London Broncos appear to have been doomed to spending a single season back in the Betfred Super League under rugby league’s new grading criteria which will determine the composition of the top flight from 2025 onwards.
The Broncos, who stunned Toulouse to clinch promotion via the Championship Grand Final earlier month, have been ranked a lowly 24th in the indicative grades which were released by RL Commercial and their strategic partner, the sports media giant IMG, on Wednesday.
Under the new criteria, promotion and relegation will be axed next year and replaced by a system which awards points across five key factors including support base, performance, finances, facilities and community integration – with the top 12 scorers automatically assuming a Super League place.
Indicative Club Gradings have been announced pic.twitter.com/1H2jp2gaHi
— Rugby Football League (@TheRFL) October 25, 2023
Seven clubs – Leeds, Wigan, St Helens, Catalans Dragons, Warrington, Hull KR and Hull FC – have been awarded Grade A status, which effectively makes them immune to relegation, with the remaining places allocated to the best-scoring Grade B clubs.
London scored just 8.07 out of a possible 25 under the new metric, leaving them, for example, six places below Newcastle Thunder, who resigned from the league and declared themselves unsustainable in the wake of relegation from the Championship last month.
IMG vice-president Matt Dwyer, who is heading the project, denied it was impossible for London to stay up but conceded: “Across all categories London need to be improving, (and) there’s plenty of room for them to improve.
“I would suggest that in 2024 they will be wanting to perform as well as they can to move along that path to being a category A club, and that’s what we’re aiming for.”

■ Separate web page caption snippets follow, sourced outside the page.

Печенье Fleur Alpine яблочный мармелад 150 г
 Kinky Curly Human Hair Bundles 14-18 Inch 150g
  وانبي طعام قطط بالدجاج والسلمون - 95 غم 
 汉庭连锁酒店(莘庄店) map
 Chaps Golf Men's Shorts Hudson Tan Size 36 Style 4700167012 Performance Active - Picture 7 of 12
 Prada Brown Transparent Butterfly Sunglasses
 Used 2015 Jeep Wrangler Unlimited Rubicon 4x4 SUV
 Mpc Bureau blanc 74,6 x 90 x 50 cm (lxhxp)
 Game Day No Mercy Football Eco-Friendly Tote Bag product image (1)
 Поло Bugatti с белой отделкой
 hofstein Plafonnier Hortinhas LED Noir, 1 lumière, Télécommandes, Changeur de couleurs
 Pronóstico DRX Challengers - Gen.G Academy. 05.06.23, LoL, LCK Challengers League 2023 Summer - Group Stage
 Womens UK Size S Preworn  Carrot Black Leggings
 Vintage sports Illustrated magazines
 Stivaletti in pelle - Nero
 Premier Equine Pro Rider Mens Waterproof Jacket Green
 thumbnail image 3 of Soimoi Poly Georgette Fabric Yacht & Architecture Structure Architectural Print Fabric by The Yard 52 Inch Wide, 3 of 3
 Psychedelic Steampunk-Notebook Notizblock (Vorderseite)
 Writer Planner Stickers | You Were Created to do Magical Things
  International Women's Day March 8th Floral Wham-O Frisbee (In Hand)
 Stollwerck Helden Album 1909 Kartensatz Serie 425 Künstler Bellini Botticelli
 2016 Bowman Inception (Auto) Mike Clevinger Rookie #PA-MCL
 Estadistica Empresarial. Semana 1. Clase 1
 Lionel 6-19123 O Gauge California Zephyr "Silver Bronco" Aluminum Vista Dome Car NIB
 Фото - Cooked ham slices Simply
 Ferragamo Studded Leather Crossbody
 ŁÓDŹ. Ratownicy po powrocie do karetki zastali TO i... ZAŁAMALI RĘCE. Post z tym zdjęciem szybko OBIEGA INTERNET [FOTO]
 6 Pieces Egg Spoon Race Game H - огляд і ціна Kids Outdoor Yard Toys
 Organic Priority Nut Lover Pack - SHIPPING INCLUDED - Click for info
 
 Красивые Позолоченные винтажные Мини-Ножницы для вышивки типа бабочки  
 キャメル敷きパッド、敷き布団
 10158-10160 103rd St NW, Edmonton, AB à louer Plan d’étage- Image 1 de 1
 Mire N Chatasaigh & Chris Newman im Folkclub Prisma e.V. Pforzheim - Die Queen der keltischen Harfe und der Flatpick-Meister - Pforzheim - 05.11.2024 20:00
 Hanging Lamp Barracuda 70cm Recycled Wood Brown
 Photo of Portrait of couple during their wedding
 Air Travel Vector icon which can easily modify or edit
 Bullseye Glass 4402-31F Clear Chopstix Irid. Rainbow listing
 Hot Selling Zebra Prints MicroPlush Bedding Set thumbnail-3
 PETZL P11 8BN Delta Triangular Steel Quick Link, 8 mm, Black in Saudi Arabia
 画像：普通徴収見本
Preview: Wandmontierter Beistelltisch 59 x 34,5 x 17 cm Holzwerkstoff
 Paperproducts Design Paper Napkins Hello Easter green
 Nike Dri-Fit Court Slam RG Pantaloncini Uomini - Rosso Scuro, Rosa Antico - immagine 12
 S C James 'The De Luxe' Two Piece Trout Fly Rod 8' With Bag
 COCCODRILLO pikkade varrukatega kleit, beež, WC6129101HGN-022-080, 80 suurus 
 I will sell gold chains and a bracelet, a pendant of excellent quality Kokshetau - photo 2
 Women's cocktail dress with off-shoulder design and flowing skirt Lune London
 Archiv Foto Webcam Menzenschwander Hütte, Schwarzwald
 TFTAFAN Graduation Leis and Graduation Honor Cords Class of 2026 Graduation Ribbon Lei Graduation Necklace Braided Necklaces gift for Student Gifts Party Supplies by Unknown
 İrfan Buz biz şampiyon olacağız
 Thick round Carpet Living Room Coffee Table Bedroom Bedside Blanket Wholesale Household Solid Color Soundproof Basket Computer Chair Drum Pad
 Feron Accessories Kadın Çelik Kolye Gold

The Broncos’ score represented another blow for the sport in the capital, long championed as a “key area for growth” by rugby league chiefs, following the loss of London Skolars at the end of last season.
The Broncos failed to make significant inroads despite spending 14 consecutive seasons in the top flight following the advent of Super League in 1996, playing at a number of different venues including their current home at Plough Lane.
In a measured statement, Broncos chairman David Hughes said: “While accepting the score given, we will now look to work together as a club to improve on this score with the long-term ambition of achieving an A grade.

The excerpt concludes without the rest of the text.